[Home]   [Full version]  

Ad hoc encyclopaedia for the information age

Apr 14 ,Technology


Linking communities and information into a virtual digital library is the 21st century version of the Dictionaire Raisonneé. Better, they can be organised around specific topics, creating vast repositories and networks of experts around a single problem. Best of all, it can be done on demand.

In 1750, Denis Diderot convinced his publisher to support a vast enterprise, the publication of the Encyclopédie gathering all knowledge into one location.

Dozens of writers worked on thousands of articles for more than 15 years to produce the first summary of all human knowledge and, despite the labour and pains of its birth, its entire contents would barely fill one volume of a contemporary encyclopaedia.

Times have changed. And they keep on changing. The pace of discovery in the modern world is such that it is difficult for specialists to stay abreast of their own field let alone be aware of the knowledge in all other fields that may impact on their specialty.

The internet, though useful, makes us aware of our ignorance. It does not reliably fill the gap with relevant and timely information. As an information society, it is becoming increasingly difficult to see the trees for the wood.

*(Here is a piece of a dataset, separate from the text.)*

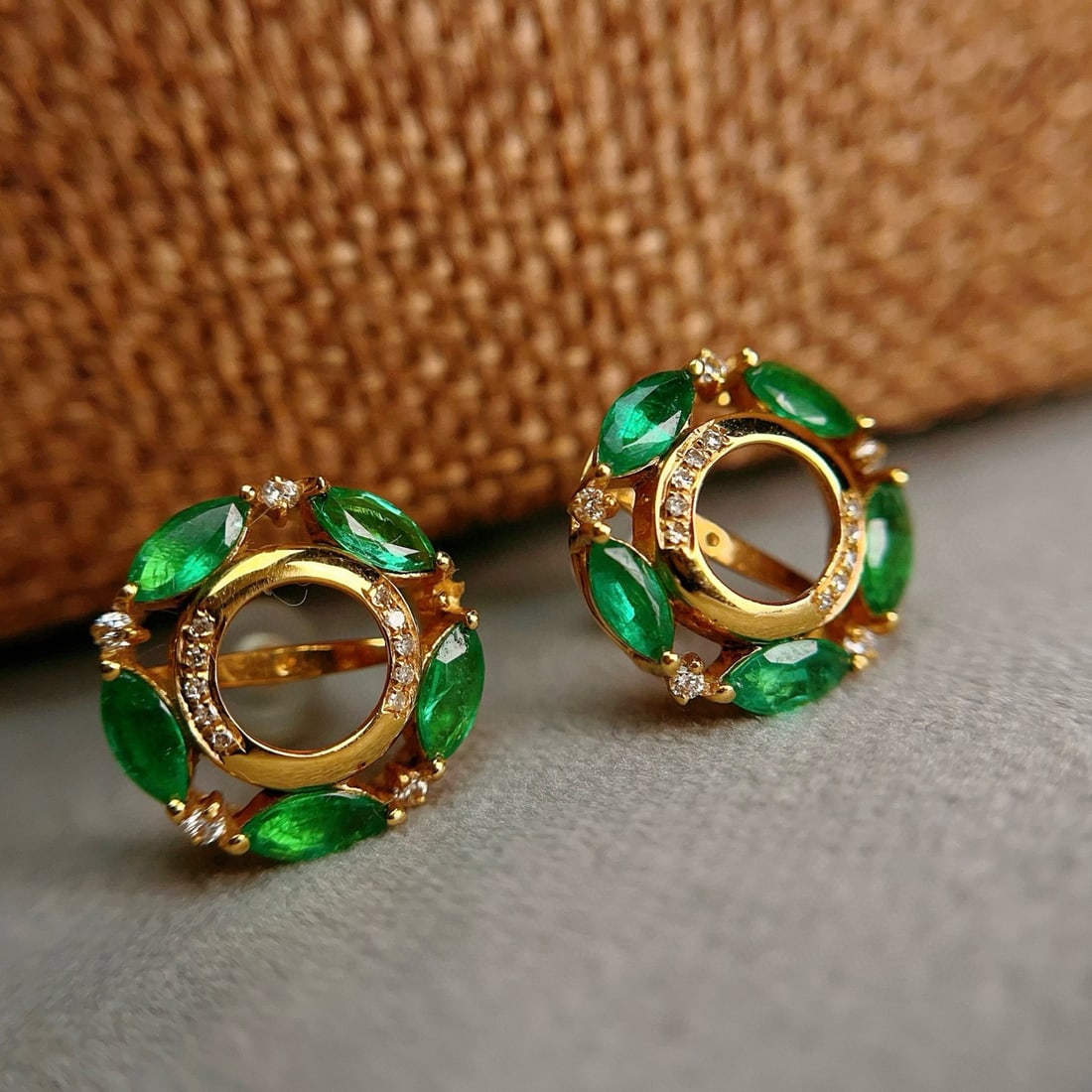 14k Gold 1.50 Ct Vivid Green Natural Emerald & Diamond Earrings: Ref:230950302 // gold content:14k gold // main gemstone:emerald // shape:marquise // carat weight:1. 50ct // color:vivid green // treatment:natural // // adjacent gemstone 2 : diamond // number of sto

“There’s a trend in digital libraries now towards combining heterogeneous data from a wide variety of sources. This includes textual, multimedia objects and, increasingly, sensor and experimental data, or raw data that needs to be processed,” explains Donatella Castelli, scientific coordinator of the Diligent project.

Raw data allows virtual digital library (VDL) users to formulate questions that may not have been considered before. But this quantity of data poses huge processing challenges requiring digital libraries to have enormous resources, resources that are not readily available for many institutions.

The virtual digital library

But not, perhaps, for too much longer. Diligent sought to create a test bed to prove the viability of VDL infrastructure on grid-enabled technology. It would behave a little like a wiki, a Hawaiian word that means quick. Like Wikipedia – the world’s most famous wiki – a VDL on grids could allow the creation of vast online data repositories from distributed computing sources.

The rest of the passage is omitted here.